- _Task to carry out_
The records below are split into lines. How many of those lines contain the string "from"? Reply with the number only.

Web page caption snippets

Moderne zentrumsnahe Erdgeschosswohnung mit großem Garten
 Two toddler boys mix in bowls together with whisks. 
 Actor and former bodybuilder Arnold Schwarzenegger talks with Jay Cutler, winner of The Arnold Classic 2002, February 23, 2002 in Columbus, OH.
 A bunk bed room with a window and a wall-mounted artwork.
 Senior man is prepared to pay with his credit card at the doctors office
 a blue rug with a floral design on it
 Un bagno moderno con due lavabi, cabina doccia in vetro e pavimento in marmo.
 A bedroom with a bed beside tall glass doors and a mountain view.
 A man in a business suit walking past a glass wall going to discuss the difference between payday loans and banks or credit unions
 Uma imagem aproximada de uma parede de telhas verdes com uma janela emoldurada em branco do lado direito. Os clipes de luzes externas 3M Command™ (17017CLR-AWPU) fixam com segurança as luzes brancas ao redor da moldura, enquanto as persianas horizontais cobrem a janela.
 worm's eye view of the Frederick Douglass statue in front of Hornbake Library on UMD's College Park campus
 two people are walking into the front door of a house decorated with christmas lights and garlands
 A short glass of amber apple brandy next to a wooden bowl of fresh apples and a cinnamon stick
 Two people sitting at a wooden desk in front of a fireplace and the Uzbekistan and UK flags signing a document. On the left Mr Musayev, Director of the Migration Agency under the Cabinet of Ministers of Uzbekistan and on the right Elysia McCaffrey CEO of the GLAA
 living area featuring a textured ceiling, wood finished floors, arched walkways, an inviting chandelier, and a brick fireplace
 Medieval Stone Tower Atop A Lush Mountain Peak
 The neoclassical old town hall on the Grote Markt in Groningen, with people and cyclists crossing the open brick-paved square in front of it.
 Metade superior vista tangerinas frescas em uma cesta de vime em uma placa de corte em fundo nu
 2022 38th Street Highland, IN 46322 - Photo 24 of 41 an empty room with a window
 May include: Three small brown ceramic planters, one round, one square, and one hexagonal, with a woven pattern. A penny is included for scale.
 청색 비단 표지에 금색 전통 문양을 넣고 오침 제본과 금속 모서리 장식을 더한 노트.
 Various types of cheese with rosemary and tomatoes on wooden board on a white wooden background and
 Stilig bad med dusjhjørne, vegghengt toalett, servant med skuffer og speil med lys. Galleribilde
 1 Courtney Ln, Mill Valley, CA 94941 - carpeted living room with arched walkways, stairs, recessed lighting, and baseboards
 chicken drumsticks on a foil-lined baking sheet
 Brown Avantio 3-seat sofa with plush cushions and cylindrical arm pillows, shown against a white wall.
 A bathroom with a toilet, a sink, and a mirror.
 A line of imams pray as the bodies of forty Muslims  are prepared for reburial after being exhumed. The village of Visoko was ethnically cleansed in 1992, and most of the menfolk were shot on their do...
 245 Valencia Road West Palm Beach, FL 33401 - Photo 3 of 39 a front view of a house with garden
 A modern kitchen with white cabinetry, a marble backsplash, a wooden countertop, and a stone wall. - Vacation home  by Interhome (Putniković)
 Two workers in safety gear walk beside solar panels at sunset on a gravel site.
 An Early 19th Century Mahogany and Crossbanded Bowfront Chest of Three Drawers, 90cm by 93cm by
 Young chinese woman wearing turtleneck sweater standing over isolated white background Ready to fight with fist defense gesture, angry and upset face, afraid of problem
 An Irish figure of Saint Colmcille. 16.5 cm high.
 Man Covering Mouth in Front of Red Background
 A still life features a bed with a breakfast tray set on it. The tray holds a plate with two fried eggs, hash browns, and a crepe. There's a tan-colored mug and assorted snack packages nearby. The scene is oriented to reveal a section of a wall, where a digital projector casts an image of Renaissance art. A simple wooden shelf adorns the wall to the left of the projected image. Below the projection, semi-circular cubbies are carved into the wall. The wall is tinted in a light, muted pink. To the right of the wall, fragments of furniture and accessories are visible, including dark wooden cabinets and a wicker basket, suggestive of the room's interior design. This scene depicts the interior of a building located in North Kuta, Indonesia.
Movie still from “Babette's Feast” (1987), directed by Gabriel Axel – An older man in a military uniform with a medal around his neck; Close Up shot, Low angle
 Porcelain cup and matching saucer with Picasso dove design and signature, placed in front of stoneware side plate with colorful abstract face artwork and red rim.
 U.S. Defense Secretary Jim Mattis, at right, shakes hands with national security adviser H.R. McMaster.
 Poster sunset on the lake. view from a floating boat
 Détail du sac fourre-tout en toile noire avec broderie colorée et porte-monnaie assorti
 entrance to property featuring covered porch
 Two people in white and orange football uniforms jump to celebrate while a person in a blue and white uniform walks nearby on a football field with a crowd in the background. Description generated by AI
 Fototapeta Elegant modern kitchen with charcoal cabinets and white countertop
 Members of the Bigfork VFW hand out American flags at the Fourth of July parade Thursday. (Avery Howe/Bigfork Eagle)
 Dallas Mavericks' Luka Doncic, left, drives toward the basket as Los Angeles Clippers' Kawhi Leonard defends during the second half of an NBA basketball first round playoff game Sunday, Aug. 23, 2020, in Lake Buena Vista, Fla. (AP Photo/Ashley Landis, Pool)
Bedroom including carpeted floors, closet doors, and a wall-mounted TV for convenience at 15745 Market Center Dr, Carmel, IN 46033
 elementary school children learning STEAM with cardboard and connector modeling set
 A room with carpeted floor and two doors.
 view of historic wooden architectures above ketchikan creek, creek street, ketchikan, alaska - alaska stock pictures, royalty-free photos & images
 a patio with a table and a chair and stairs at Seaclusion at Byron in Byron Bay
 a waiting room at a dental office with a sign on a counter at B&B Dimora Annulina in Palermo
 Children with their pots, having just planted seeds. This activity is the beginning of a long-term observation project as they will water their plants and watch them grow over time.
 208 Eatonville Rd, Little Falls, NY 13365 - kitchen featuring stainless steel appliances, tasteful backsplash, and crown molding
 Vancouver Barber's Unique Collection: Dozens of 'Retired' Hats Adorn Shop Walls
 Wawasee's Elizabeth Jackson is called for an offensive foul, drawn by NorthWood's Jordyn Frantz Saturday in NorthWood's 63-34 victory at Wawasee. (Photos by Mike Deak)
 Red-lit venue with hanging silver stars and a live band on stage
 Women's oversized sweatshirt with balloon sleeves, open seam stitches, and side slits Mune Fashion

- _Output for this exercise_
2